Thursday, April 23, 15:30 - 18:00, Location: Show and Tell Area A
Sheng-yi Kong, Miao-ru Wu, Che-kuang Lin, Yi-sheng Fu, Yungyu Chung, Yu Huang, Yun-Nung Chen, Lin-shan Lee
This proposal presents a spoken language system which automatically organizes the course lectures (video/audio/slides) for efficient learning on demand by the user. By properly matching the video/audio with the slides used, we divide the course lectures into hierarchical "major segments" with variable length based on the topics discussed. Key term extraction, hierarchical summarization and semantic structuring are then performed over these "major segments". A key term graph is constructed, based on which the various major segments of the course are linked. In this way, the user can ask questions to the system, and develop his own road map of learning the knowledge he needs considering his available time and his background knowledge, based on the semantic structure provided by the system. The system is referred to as "NTU Virtual Instructor", whose technical content has been written as a paper (paper number 4520) accepted for oral presentation in ICASSP 2009.

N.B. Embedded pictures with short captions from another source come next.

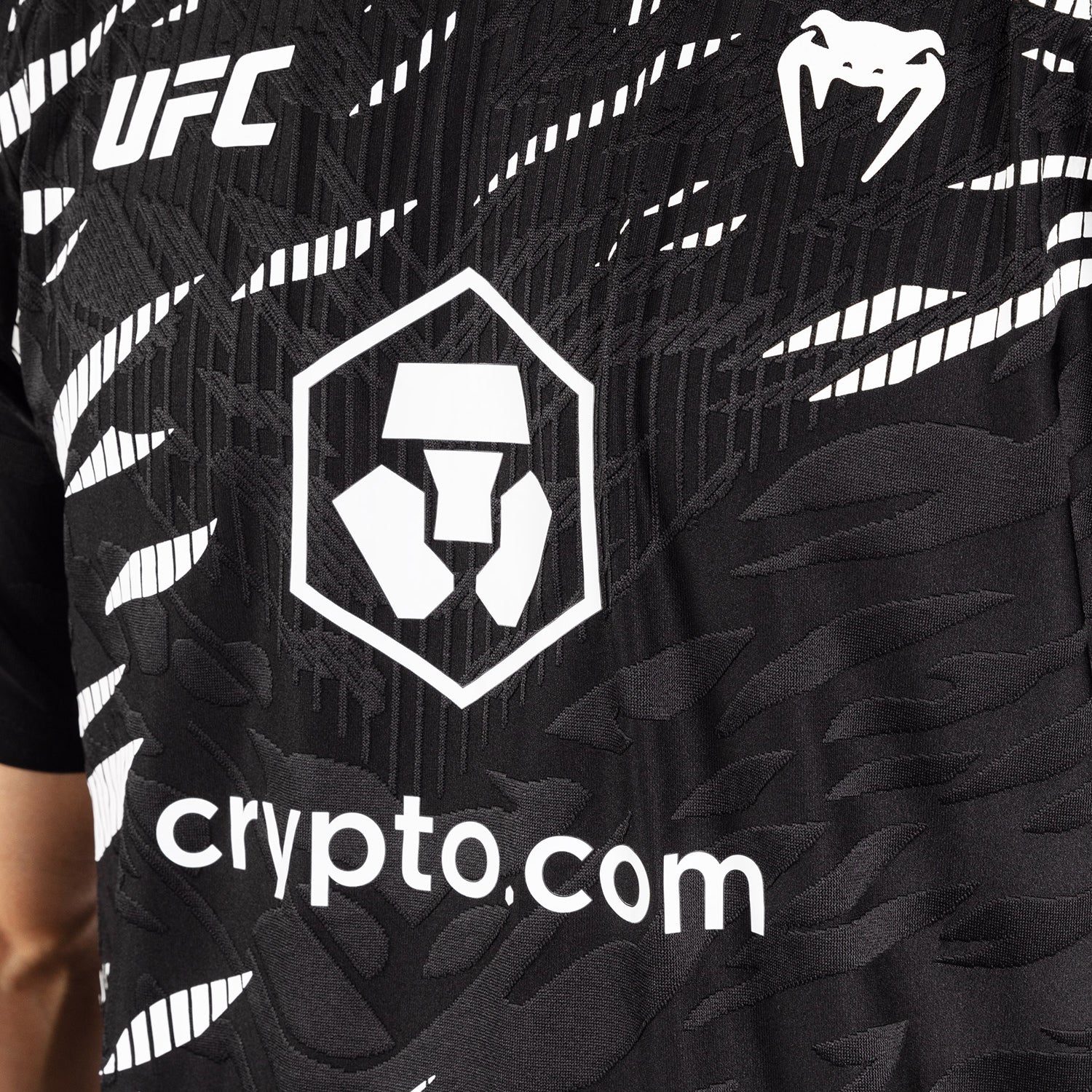 UFC Fusion by Venum Personalized Authentic Fight Night Men's Walkout Jersey - Black - Image 6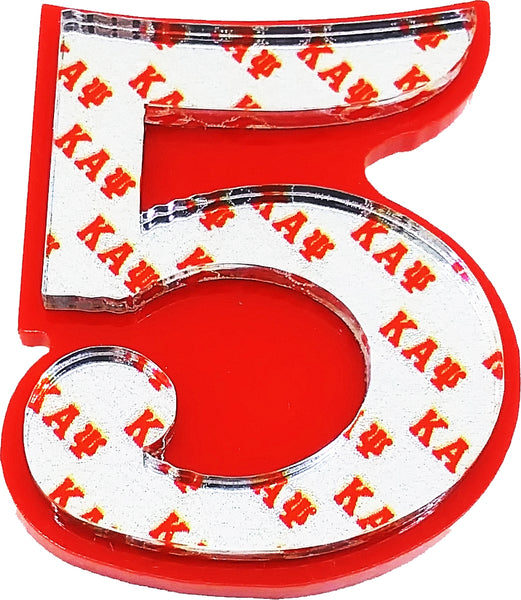 Kappa Alpha Psi Acrylic Line #5 Pin [Red]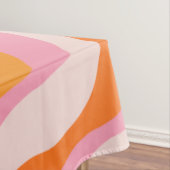 Rainbow Swirl Roze Oranje Abstract Retro Sunshine Tafelkleed (Voorbeeld)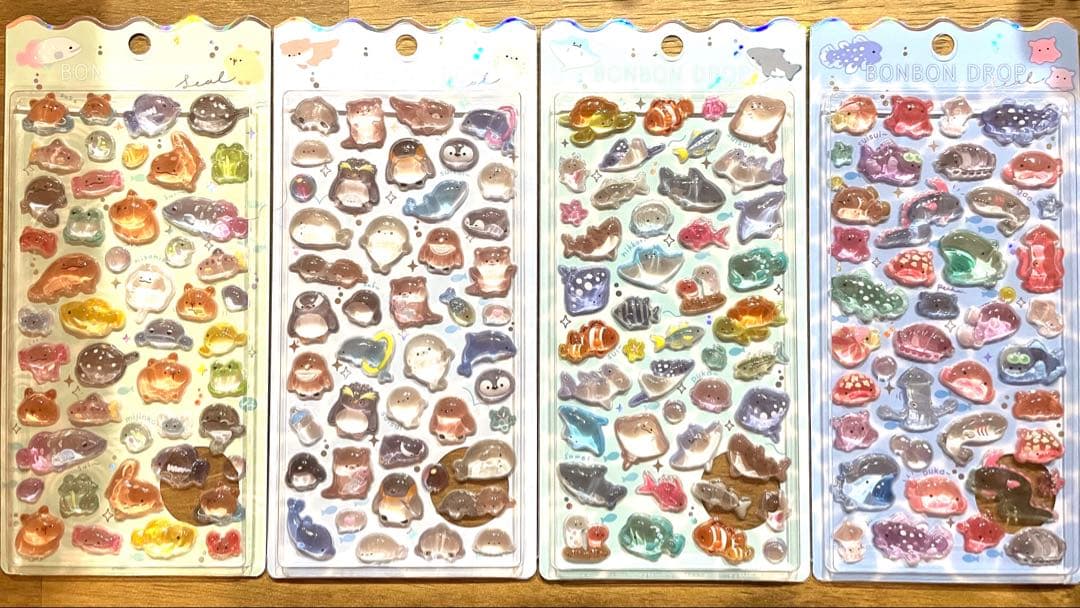 ボンボンドロップシール水族館限定【正規品】4枚セット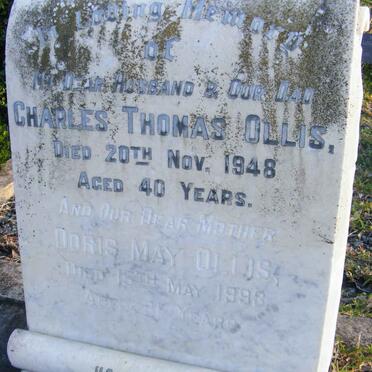 OLLIS Charles Thomas -1948 &amp; Doris May -199?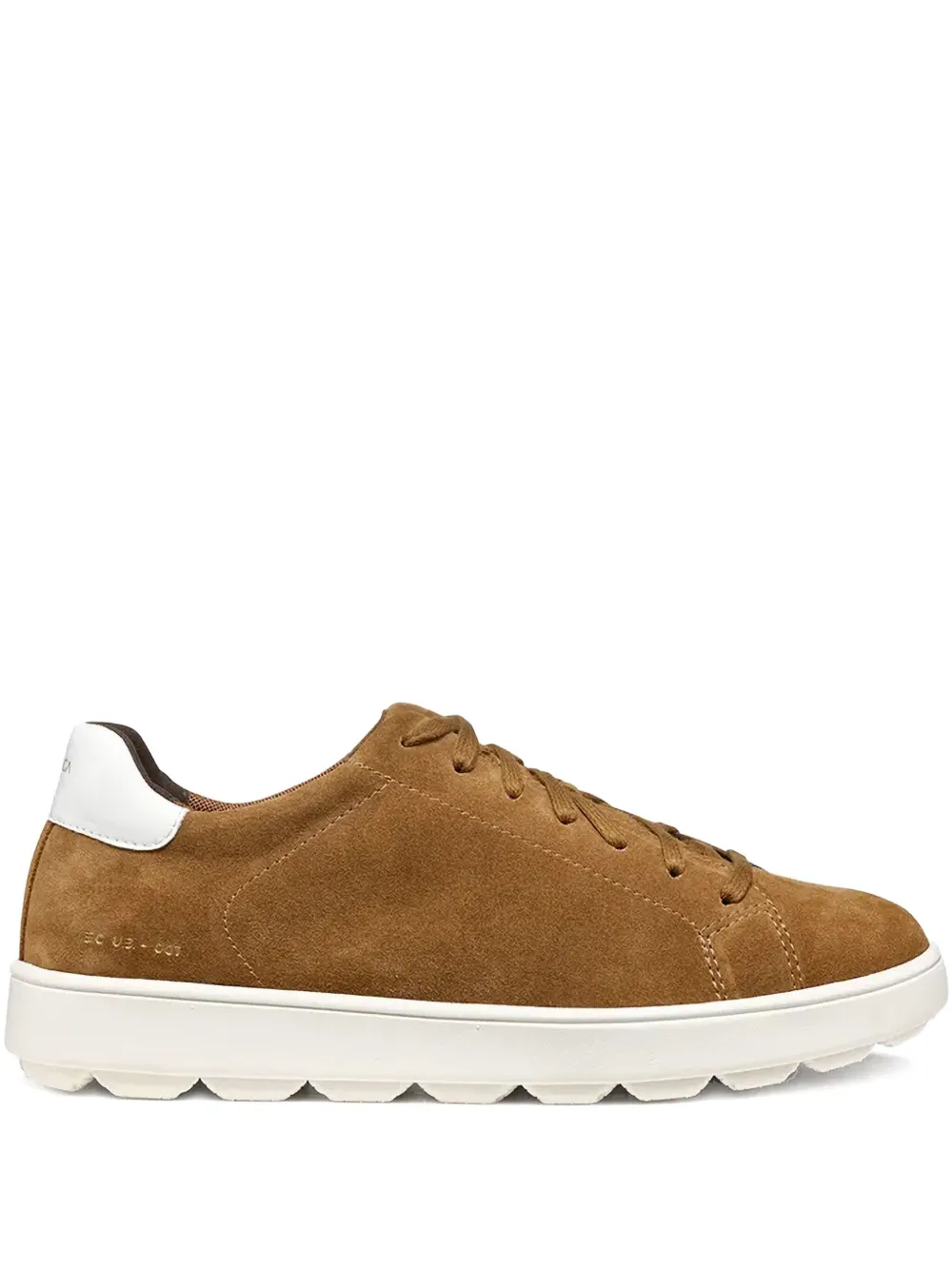 Geox Spherica™ ECUB-1 suede lace-up sneakers Brown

With fast advances of spoken language technologies, it is now possible to manage huge quantities of multimedia information based on the included audio information, because the speech information associated with the multimedia is usually the key for extracting the information. One of the application tasks in this area is on course lectures, not only because life-long learning has become necessary in the era of knowledge explosion, but because it is now possible to distribute huge quantities of complete course lectures worldwide very easily.
A major difficulty of utilizing the many complete course lectures available is that it takes quite long time to listen to a complete course (e.g. a complete course may include 45 hrs.), and it may not be easy for leaders or researchers working in the industry to spend so much time to learn a complete course. On the other hand, the content of a course is usually well structured; the learner cannot understand an advanced subject without knowing related background. As a result, direct retrieval of the course content for some advanced subjects is usually not helpful to the learner, simply because the retrieved results are difficult to understand. Also, after learning a subject the learner usually doesn't know what the related subjects are which should be learned next.
In "NTU Virtual Instructor" the above problem is solved by properly understanding and organizing the audio part of the lectures. When the user enters a query, the system not only retrieves the relevant short and major segments of the course lectures, but offers the summaries of the major segments (to help the user decide whether he should view the major segment or not), the key terms involved, and all related major segments (including those on fundamental or more advanced subjects) based on the relationships in the key term graph. So the user can easily learn on his personal demand, either starting with a fundamental query and learning forward, or starting with an advanced subject and learning backward.